Aí ela se atrapalhou toda e produziu prejulgamento, o que não lhe cabe.

A delegada afirmar que o Guaranho "não impediu" Marcelo de exercer seus direitos políticos soa como piada macabra: afinal, ele está morto porque era petista — e isto resta evidente — e, mais do que direitos políticos, perdeu um outro, que a este antecede: o direito à vida.

Bastaria a ela dizer que o Artigo 359-P do Código Penal não inclui entre as motivações a questão ideológica.

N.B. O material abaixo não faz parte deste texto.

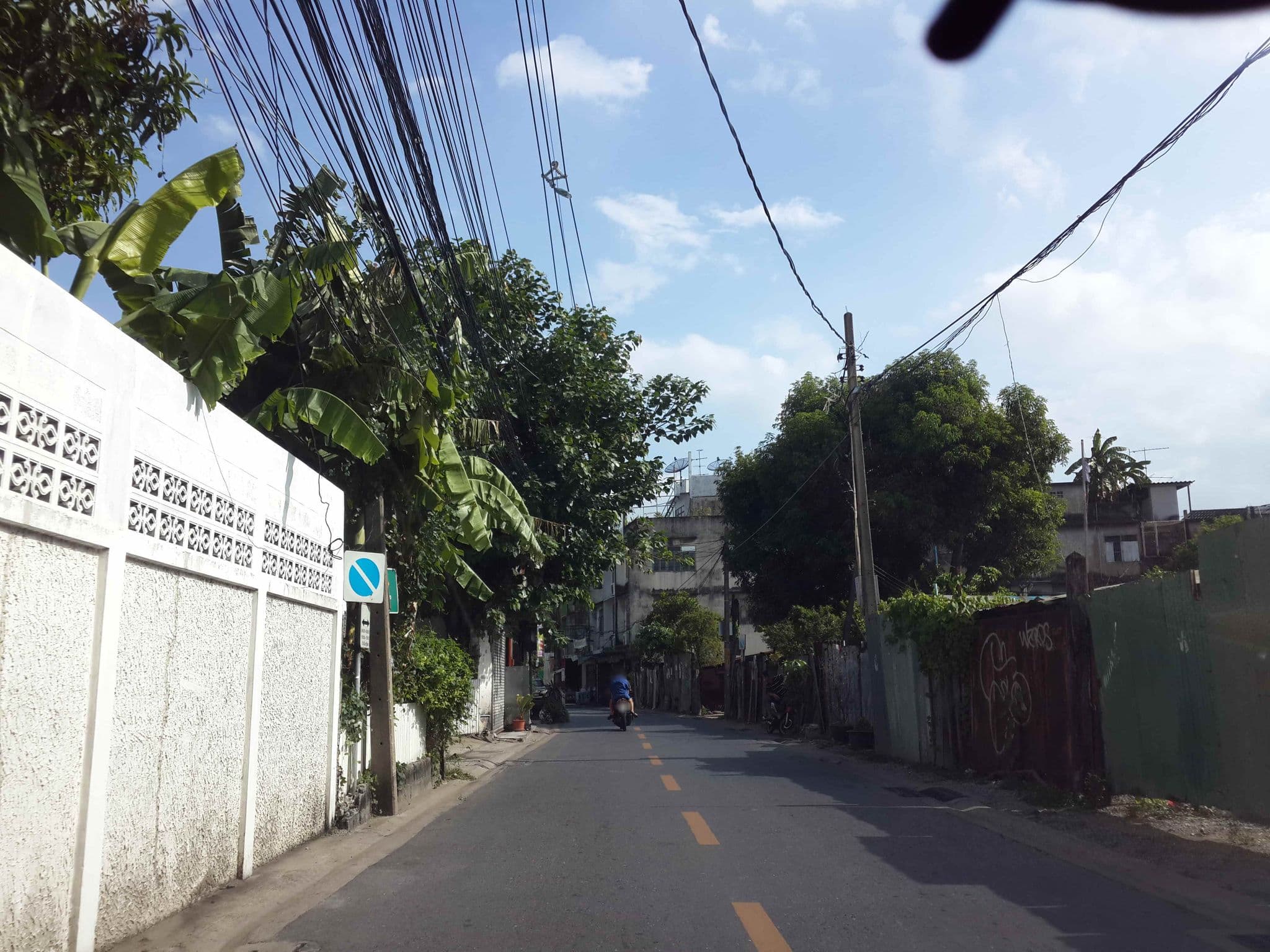 Street view near boss, Bang Rak — © mishari (CC BY-SA · Mapillary)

Ocorre que ela parecia ocupada demais com sua tese absurda:
"A gente analisa que, quando ele chegou ao local, ele não tinha essa intenção de efetuar os disparos, ele tinha a intenção de provocar. É muito difícil analisar os autos, com as provas que nós temos, e dizer que o autor foi até lá, voltou porque queria cessar os direitos políticos ou atentar contra os direitos políticos daquela pessoa".

Aí ela já não faz mais trabalho de policial, mas de adivinhação. Pior: descarta a óbvia premeditação do crime. Em vez de apontar o vazio legal — e poderia fazê-lo até em tom de inconformismo —, ela descarta a realidade que grita: se a imagem de Bolsonaro estivesse naquele bolo, Marcelo de Arruda estaria vivo.

Um crime, enfim, político que pede uma definição legal. E não considerações absurdas fora do devido enquadramento legal.